In addition to being issued stop-work orders from the county fire department for the latest spills, the company has been cited 203 times by the Department of Fish and Game, cited 287 times by the Air Pollution Control District, sentenced to three years probation and ordered to pay nearly $2 million in fees and settlement costs for various health and safety violations.

O’Brien refuted some of the county’s findings presented in its staff report and claimed that the numbers were off and the presented information was misleading. He also disagreed with the comparison of Greka and other operators, saying if the stats were broken down, anyone could see that Greka is not the number one offender.

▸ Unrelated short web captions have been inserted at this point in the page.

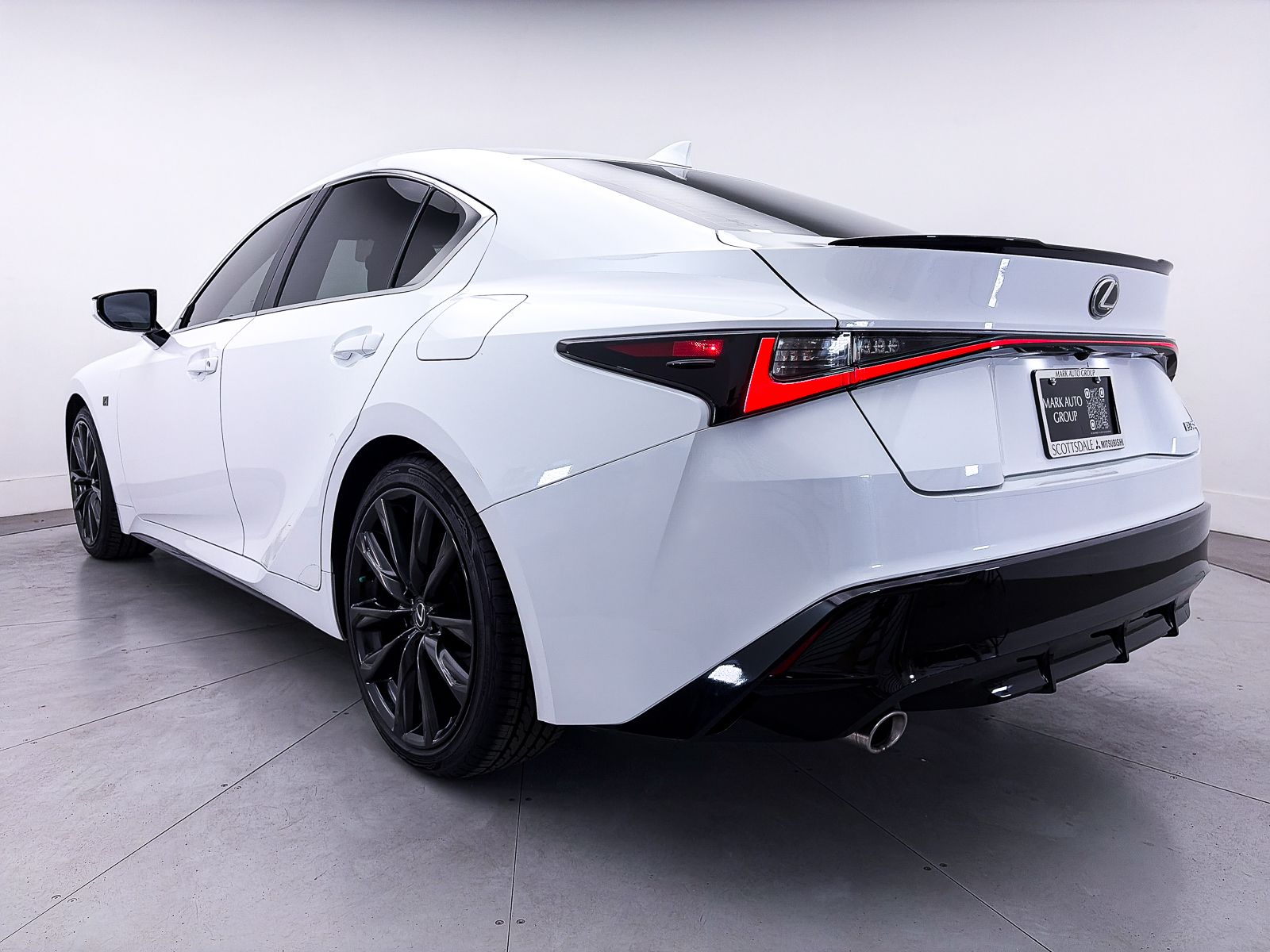 2024 Lexus IS 350 F SPORT DESIGN - Photo 12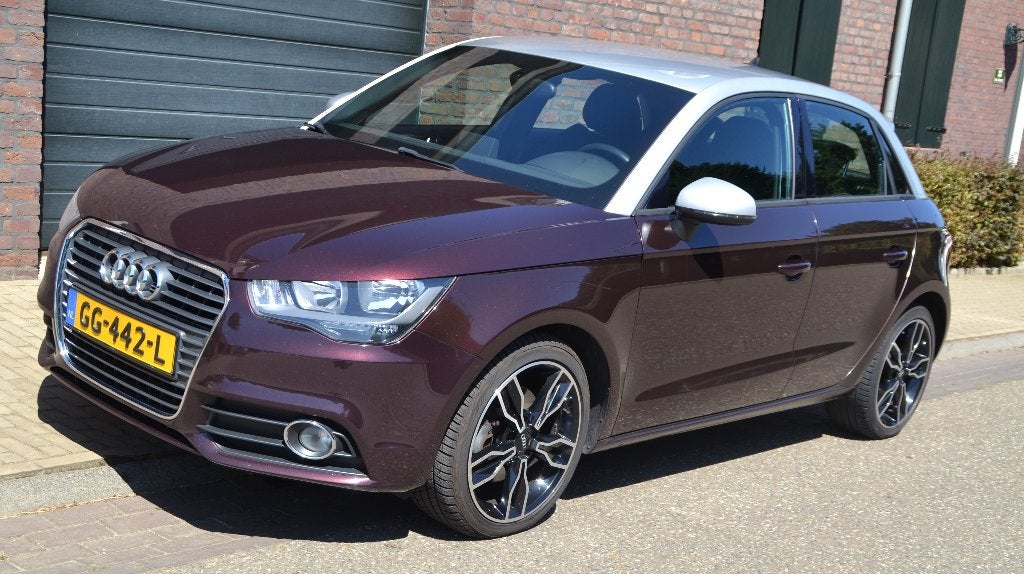 Audi A1 1.4 TFSI Sportback - heel mooie staat - paars/zilver, Auto's, Audi, Voorwielaandrijving, Euro 5, Stof, A1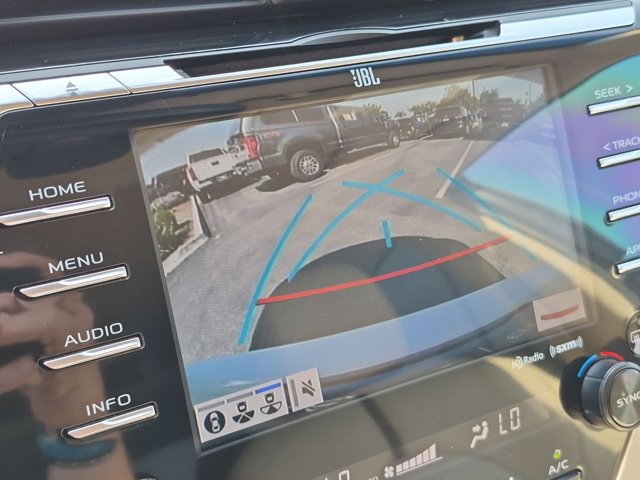 Used 2018 Toyota Camry XLE w/ Driver Assist Package FWD image 13
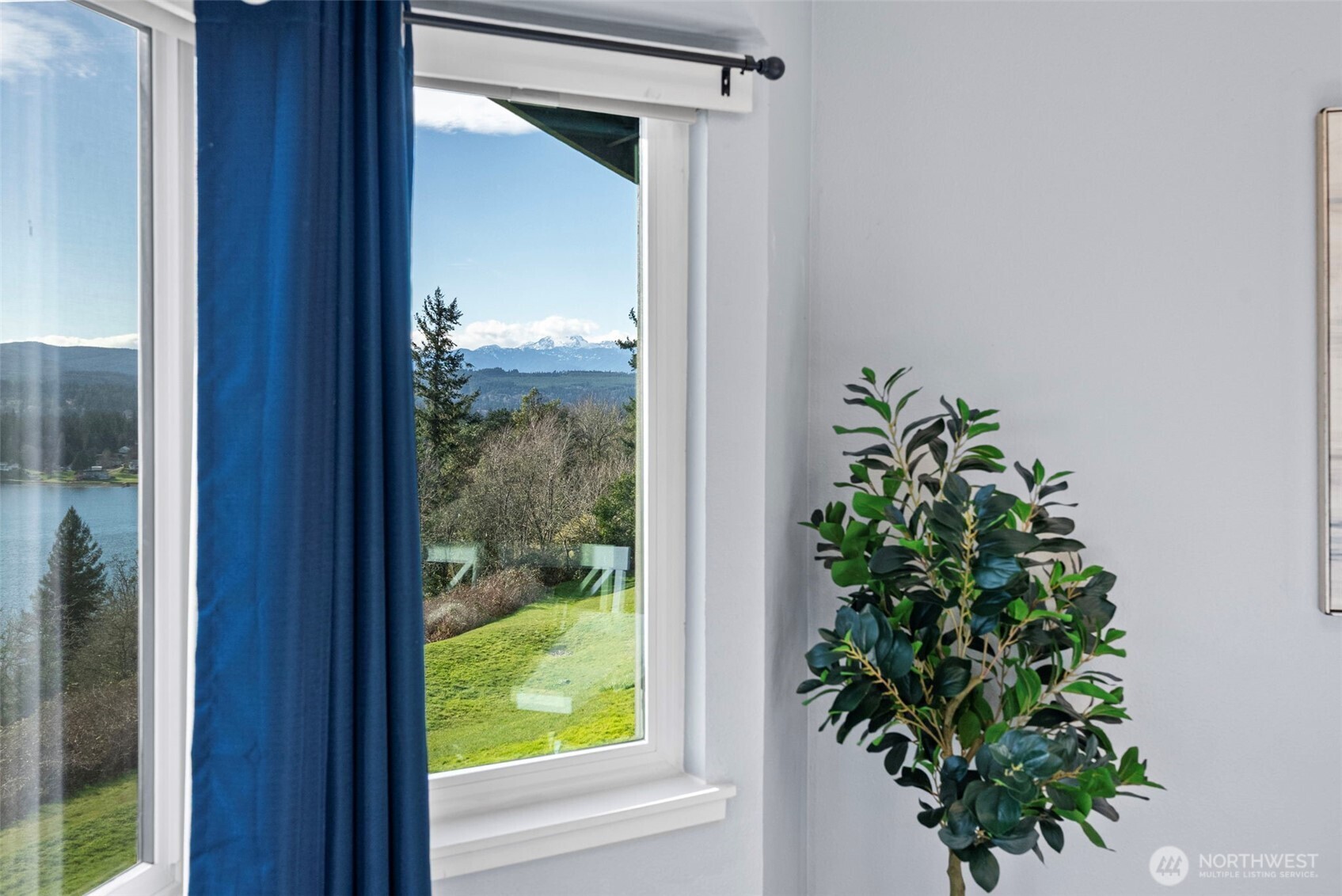 3330 Narrows View Lane NE #201, Bremerton, WA 98310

“We’re not the worst operator in this county and there’s been a misleading picture painted. There were simply some mistakes in the calculations,” he said. “I think if you take out the incidences of sabotage that are now under investigation you see a very different picture and that Greka is trying.

 

“Let me make another critical point: The reason why the county knows the amount of barrels that were spilled is because Greka reports the number.

“When you look at the county’s list of spills, almost every single one of them are classified by ‘unknown,’ because we and the county don’t know what the other operators have spilled,” he added.

In response to Greka’s violations and in the attempt to clarify the county’s authority in dealing with oil companies that have a history of non-compliance, county staff recommended that the board of supervisors adopt five resolutions that would amend and add to the current Petroleum Ordinance.

 

“We’re asking supervisors to make modifications to the existing ordinance,” said Ron Cortez, deputy county executive officer. “All of these changes are centered around making sure that high risk offenders are provided with additional oversight.”

In an unanimous vote, the board agreed to amend the existing ordinance to increase fines and fees for high risk offenders, oil companies that have an historical record of non-compliance; to ensure that high risk companies don’t simply abandon oil sites by requiring them to provide the county with collateral; and to allow the county to hire a third party at company expense to conduct inspections. The board also asked county staff to clarify the county’s permit process.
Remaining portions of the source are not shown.